I recently mentioned that city-wide fires used to be common in the United States. New York’s were all before the Civil War – more so by luck than because of protection or planning – and so are much less well known than Chicago’s or San Francisco’s. Thanks to an essay published by the Gotham Center, I recently learned of a very old investigation that is fascinating as a representation of a fraught moment in history and as a kind of forensic study well over 200 years ago.

The best known of New York’s conflagrations is the Great Fire of 1835, which burned about half of the downtown business district during an extremely cold and windy night. The name was so good there was a sequel, the Great Fire of 1845, which was somewhat smaller but did burn the site of our office. The one that tends to be forgotten is the Great Fire of New York in 1776, which took place less than a week after the British army captured New York, following the disastrous (for the US) Battle of Long Island. I had always assumed – based on the common histories of the era – that the fires were set by rebels to make life in the captured city more difficult for the British.

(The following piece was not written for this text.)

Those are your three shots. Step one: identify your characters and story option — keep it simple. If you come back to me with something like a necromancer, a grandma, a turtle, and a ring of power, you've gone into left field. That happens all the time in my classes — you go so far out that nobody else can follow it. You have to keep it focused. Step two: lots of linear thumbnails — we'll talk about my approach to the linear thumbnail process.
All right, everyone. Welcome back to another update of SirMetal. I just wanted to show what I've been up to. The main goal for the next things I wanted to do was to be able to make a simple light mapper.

The Carleton Commission And Evidence Of Arson In The Great New York Fire Of 1776” by Bruce Twickler looks at the commission of British army officers who studied the cause of the fire in 1783, seven years after it took place and weeks before the Revolutionary War ended. (We all know how the war ended overall; how it ended in New York can be guessed from the fact that the city long celebrated the November British departure with a holiday called Evacuation Day.) My suspicions are immediately raised by the timing of the commission: years after the event, but while the city was still occupied.

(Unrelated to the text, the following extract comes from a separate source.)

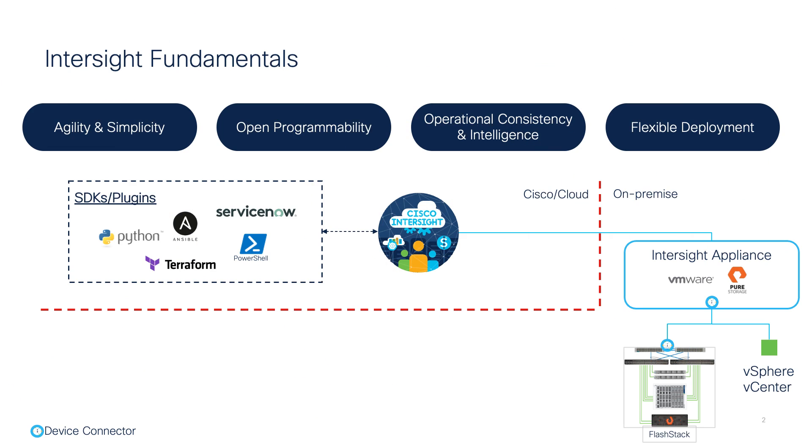In this session, we will demonstrate the latest innovations with the Cisco UCS X-Series modular system and new features of the Cisco Intersight that enhance the ability to provide complete visibility and orchestration across all elements of the FlashStack Data Center.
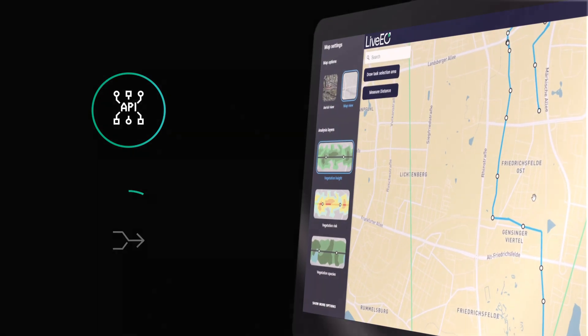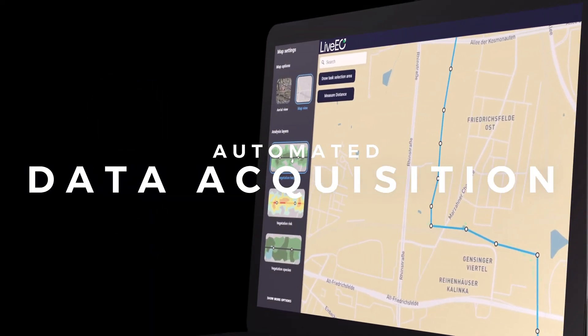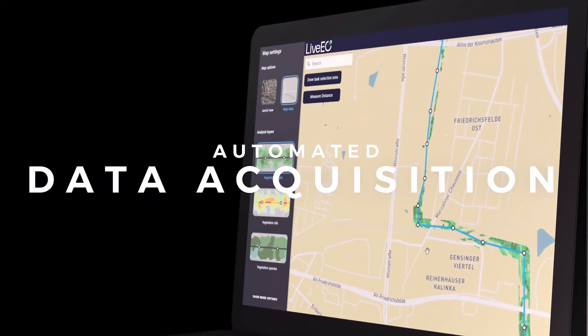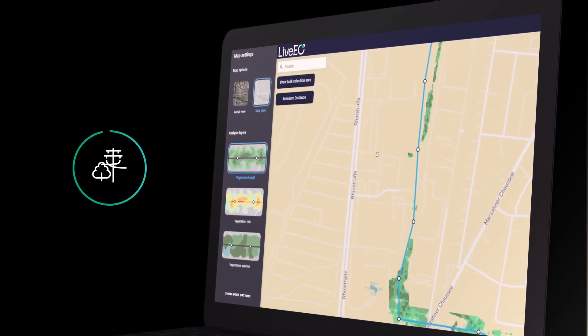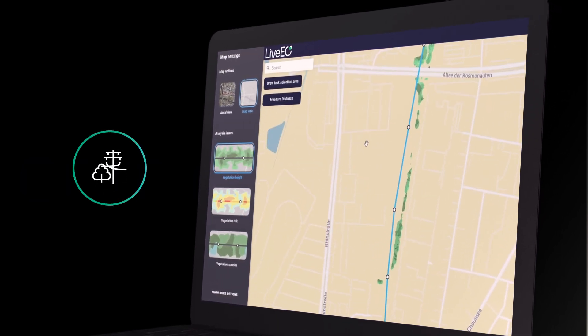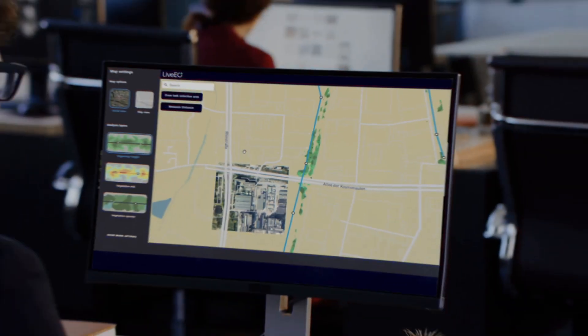LiveEO uses APIs with multiple satellite operators to automatically acquire the right imagery for the areas close to the overhead lines along the entire network.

Twickler comes to the conclusion that, even though most of the witnesses were obviously biased towards the loyalist cause, the fires were most likely deliberately set. But that doesn’t imply organization, as much as anger. The most interesting evidence that the commission turned up was the prevalence of incendiaries in the city, meant for use in creating fire-bomb rafts to attack British ships. The incendiaries were called “fire sticks” or “matches” and sound like kitchen matches at a gargantuan scale: “The fire-sticks were eighteen inches long, one inch square of white cedar or walnut, with six inches of rosin and brimstone (sulfurous compounds) saturating one or both ends.”

It was difficult enough to keep fires from becoming serious in a pre-1900 US city center. Having caches of fire sticks every few blocks across the then small area of the city (see Twickler’s map) would make any fire worse; assuming that there were arsonists would make it impossible to prevent. The fact that the city was disorganized at the time – from the very recent arrival of an occupying army, to the effects of having supported the Continental Army through the preceding months, to the general disruptions in daily life caused by the recent start of war – would also have disrupted fire-fighting efforts. The British army fought the fire, but that effort was hampered by not knowing the city particularly well.

Given the horrendous fires in the same area 59 and 69 years later, it’s entirely possible, as Twickler discuses, that the fire started naturally and then some arsonists joined in. The entire discussion is a good reminder of how flammable the past was.